- **Exercise directions**
What you return should match the material below line for line, except that no image appears in it.
↓
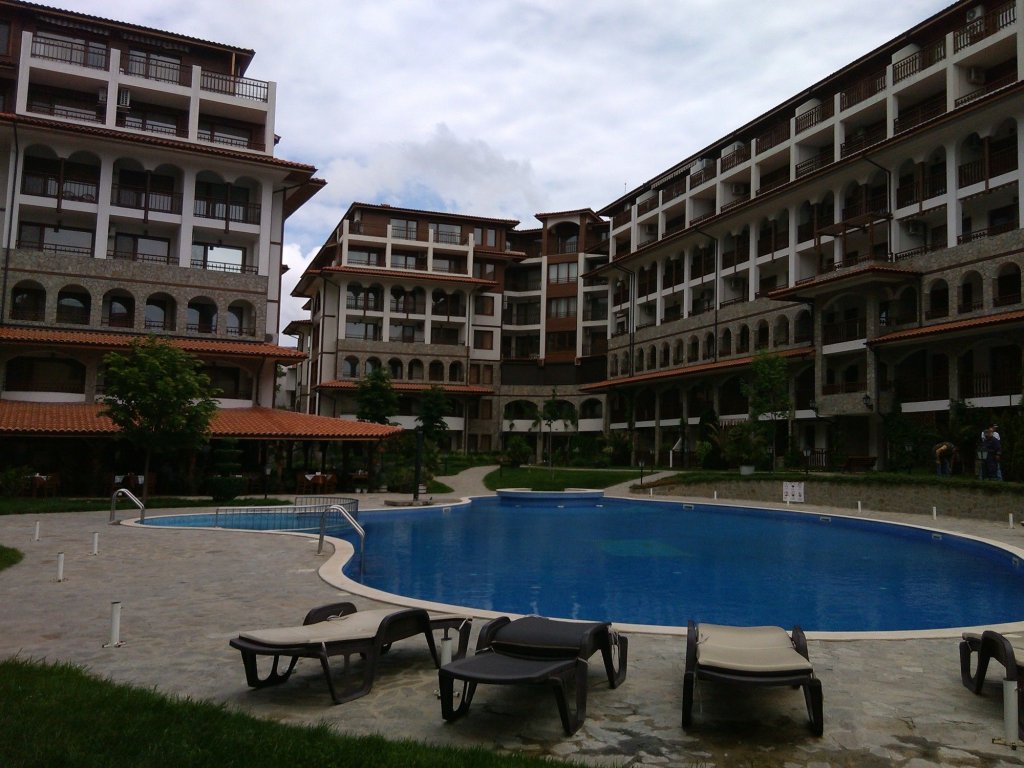 Фото Olymp Apartments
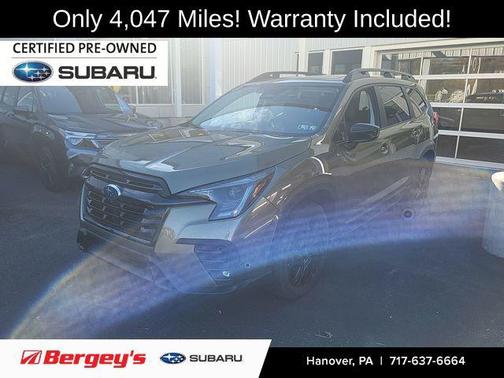 2025 Subaru Ascent Onyx Edition Touring 7-Passenger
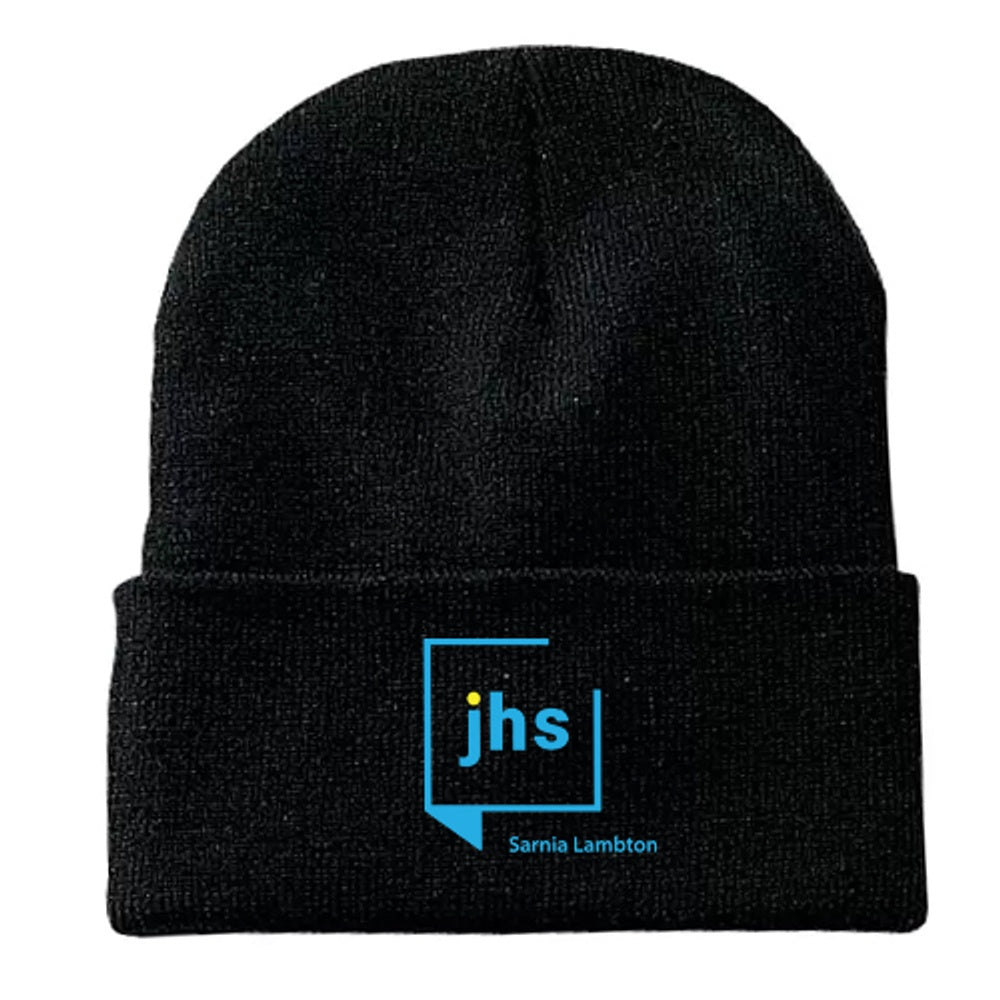 John Howard Society Everyday Knit Cuff Toque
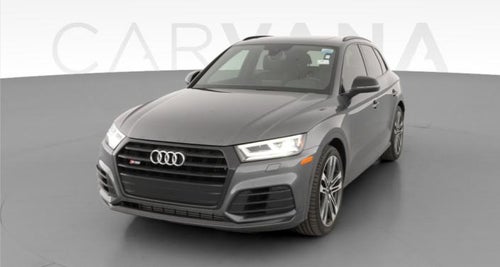 2019 Audi SQ5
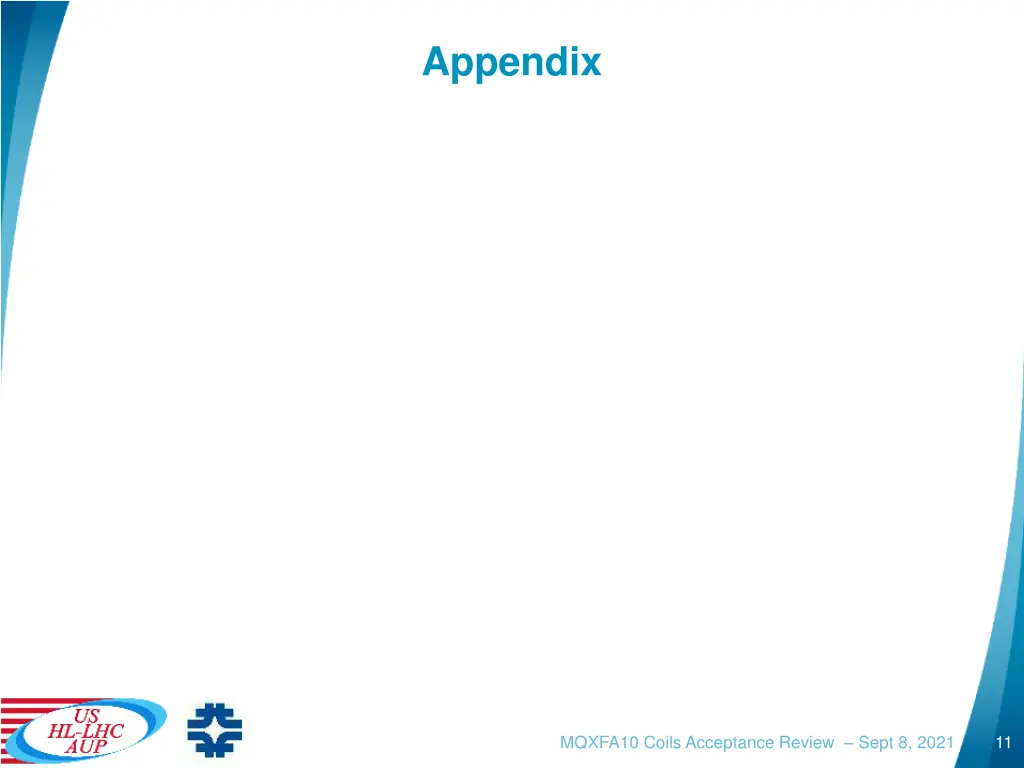 appendix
↑
- **Task answer**
 Фото Olymp Apartments
 2025 Subaru Ascent Onyx Edition Touring 7-Passenger
 John Howard Society Everyday Knit Cuff Toque
 2019 Audi SQ5
 appendix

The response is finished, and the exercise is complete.